China · Reed Flute Caves
A grand, natural architecture formed by millennia of water eroding its soft limestone, the Reed Flute Caves (芦笛岩) are a veritable underground palace of weird and wonderful formations. This natural limestone cave is 180 million years old. The cave is named for the type of reed that grows around its entrance, which is harvested to make traditional flutes. The colossal stalagmites, stalactites and rock formations within are today illuminated by multi-coloured lights, giving the whole cave a magical feel.
This 240-meter-long cave is lined with interesting rock shapes and formations resembling all kinds of strange things. Many of the formations have taken on recognizable shapes of mythological creatures, or natural images. Almost motionless lake gives volume to the surrounding scenery.

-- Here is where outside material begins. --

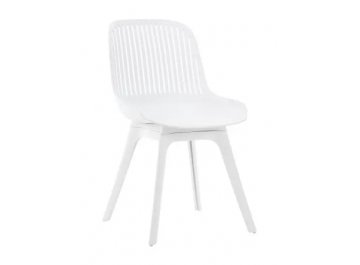 Пластиковый стул Grace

All these strange shapes on the walls and intertwining stone statues are reflected in surface of the water like in the mirror. This turns the cave halls into the impressive fantastic world.
Different points along the cave bear names like Virgin Forest, Crystal Palace, Flower and Fruit Mountain, and naturally there are myths behind the formation of various rock-forms, but the vistas could just as easily have come from a distant planet. Come back to Earth with a stroll around the pavilions of nearby Ludi Park.

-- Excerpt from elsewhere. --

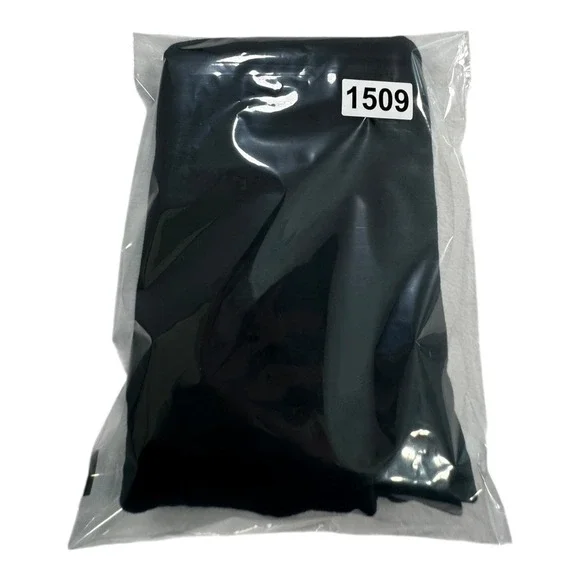 Def Leppard Rock & Roll 1983 Sleeveless T-Shirt Dress Men's Large L - Picture 7 of 7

Inside Reed Flute Caves, there are more than 70 inscriptions written in ink, which can be dated back as far as 792 AD in the Tang Dynasty. They are travelogues and poems writing by Tang Dynasty literati who visited the cave. These aged inscriptions tell us that it has been an attraction in Guilin since ancient times.
Reed Flute Caves was almost forgotten for a thousand years, before it was rediscovered in the 1940s by a group of refugees fleeing the Japanese troops. The enormous ‘Crystal Palace of the Dragon King’ chamber, was once used as a bomb shelter, providing capacity for approximately 1000 people.